### TASK TO COMPLETE
Please write out only the lines running from the one with "Katie Park comfy" through the last line of the listing, each exactly as given.

### INPUT MATERIAL
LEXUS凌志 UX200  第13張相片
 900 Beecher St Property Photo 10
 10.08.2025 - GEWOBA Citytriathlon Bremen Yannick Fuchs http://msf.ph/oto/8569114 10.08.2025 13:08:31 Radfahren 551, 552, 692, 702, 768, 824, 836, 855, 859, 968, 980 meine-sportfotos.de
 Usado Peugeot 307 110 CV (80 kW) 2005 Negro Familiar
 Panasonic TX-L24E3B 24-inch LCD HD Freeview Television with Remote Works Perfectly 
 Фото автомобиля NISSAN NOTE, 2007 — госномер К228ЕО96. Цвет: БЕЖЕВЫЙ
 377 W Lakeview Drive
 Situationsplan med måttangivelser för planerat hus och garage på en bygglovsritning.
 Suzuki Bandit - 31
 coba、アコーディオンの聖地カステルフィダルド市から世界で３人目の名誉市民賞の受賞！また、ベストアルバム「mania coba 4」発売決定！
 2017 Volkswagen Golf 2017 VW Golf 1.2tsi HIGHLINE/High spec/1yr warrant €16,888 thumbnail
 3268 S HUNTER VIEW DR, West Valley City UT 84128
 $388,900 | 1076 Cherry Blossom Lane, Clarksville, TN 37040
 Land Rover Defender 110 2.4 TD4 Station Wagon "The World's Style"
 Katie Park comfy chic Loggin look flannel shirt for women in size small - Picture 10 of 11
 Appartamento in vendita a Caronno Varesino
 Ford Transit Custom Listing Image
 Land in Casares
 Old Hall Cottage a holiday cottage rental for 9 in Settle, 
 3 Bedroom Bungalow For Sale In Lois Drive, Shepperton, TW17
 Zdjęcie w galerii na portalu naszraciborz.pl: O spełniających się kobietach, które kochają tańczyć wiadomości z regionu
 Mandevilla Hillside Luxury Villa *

### RESULT OF THE TASK
 Katie Park comfy chic Loggin look flannel shirt for women in size small - Picture 10 of 11
 Appartamento in vendita a Caronno Varesino
 Ford Transit Custom Listing Image
 Land in Casares
 Old Hall Cottage a holiday cottage rental for 9 in Settle, 
 3 Bedroom Bungalow For Sale In Lois Drive, Shepperton, TW17
 Zdjęcie w galerii na portalu naszraciborz.pl: O spełniających się kobietach, które kochają tańczyć wiadomości z regionu
 Mandevilla Hillside Luxury Villa *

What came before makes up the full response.